4.9. ELISA Assay for Corticosterone, β-endorphin, and Serotonin
Serum concentration of corticosterone, β-endorphin, and serotonin was assayed by ELISA. The tests were performed according to the manufacturers’ specifications.
4.10. Histological Analysis
For histological analysis, we followed a given method [70
]. Briefly, the duodenum was immediately fixed in 10% NBF; 5 μm sections were made and subjected to H&E staining. Digital images were obtained using a Leica DM2500 microscope (Leica Microsystems, Wetzlar, Germany) at a fixed 100 × magnification. The villus length was measured using image measurement software (v 22.1., iSolution DTM, Vancouver, BC, Canada).
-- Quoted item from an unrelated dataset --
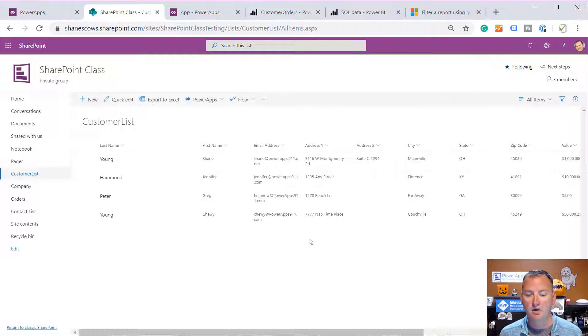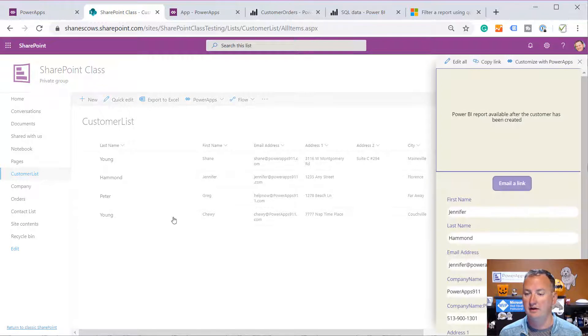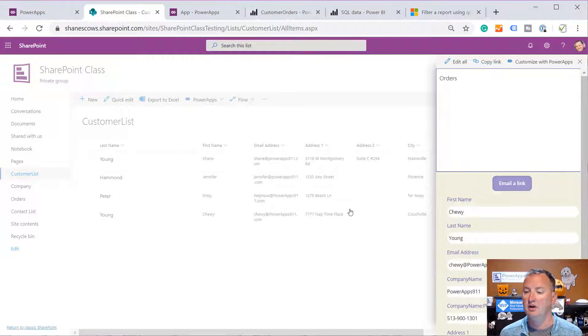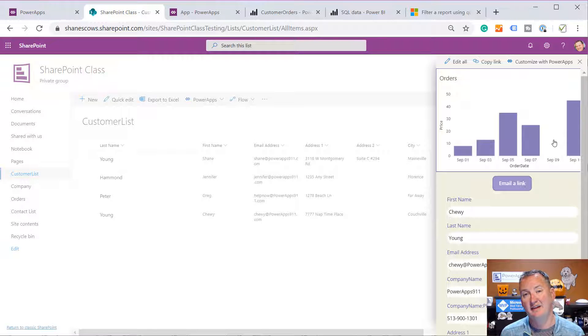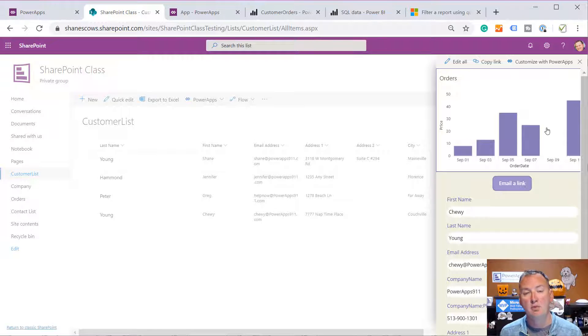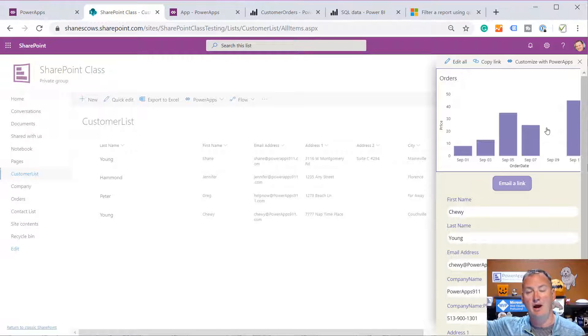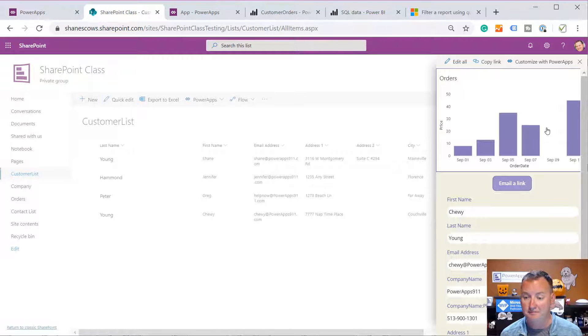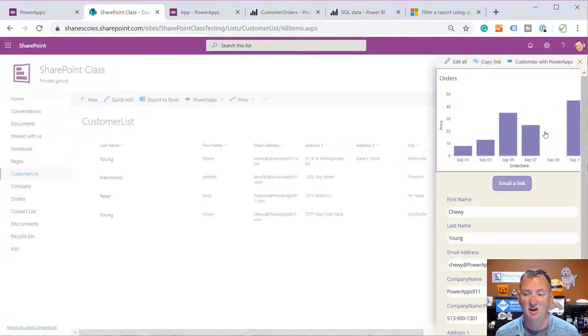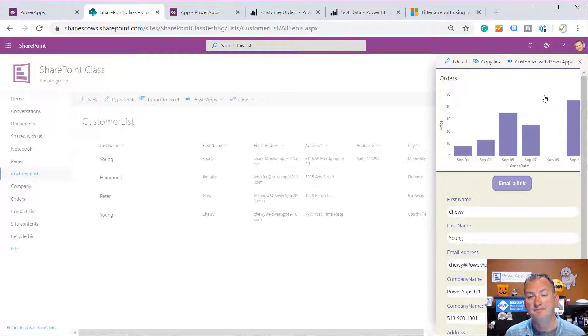If we go over here and we click on Chewy's record, different person, you're going to see it refreshes the data's in a different shape. So same report, but we're just passing it the user's ID, and then in the back end, Power BI is dynamically filtering it. Pretty fancy stuff. So I thought you guys would want to learn how to do it.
4.11. Western Blot Analysis
Brain hippocampus was harvested and washed twice with ice-cold PBS. Tissues were lysed by the lysis buffer; tissue protein extraction reagent (T-PER), phenylmethanesulfonyl fluoride (PMSF), sodium orthovanadate (Na3VO4), and protease inhibitor cocktail. The total concentration of protein of lysate tissues was measured with a bicinchoninic acid (BCA) protein assay protein kit. An equal amount of protein was separated by 12% sodium dodecyl sulfate-polyacrylamide gel electrophoresis (SDS-PAGE) and transferred to a nitrocellulose membrane. The membrane was incubated with blocking serum; 5% bovine serum albumin (BSA) in Tris-buffered saline with tween twenty (TBST) for 2 h at room temperature and by primary antibodies for overnight at 4 °C. Then, the blot was washed and incubated with secondary antibodies for 2 h. Bands were detected using an enhanced chemiluminescence (ECL) detection kit, and bands images were taken by a LAS-400 image system, (GE Healthcare, Little Chalfont, UK); β-actin was used as the reference antibody.
4.12. Statistical Analysis
Data were analyzed with Graph Pad Prism 5.0 (GraphPad Software, Inc., 7825 Fay Avenue, Suite 230, La Jolla, CA, USA) and expressed as mean ± standard error (SEM). Groups were compared using one-way and two-way analysis of variance (ANOVA), followed by Bonferroni’s multiple comparison tests and student’s t-test. For comparison of groups, we used two-way ANOVA for body weight and one-way ANOVA for other data analysis. Student’s t-test was used to compare the MA 100 and FMA 100 groups. The minimum statistical significance was considered to be p < 0.05 for all analyses.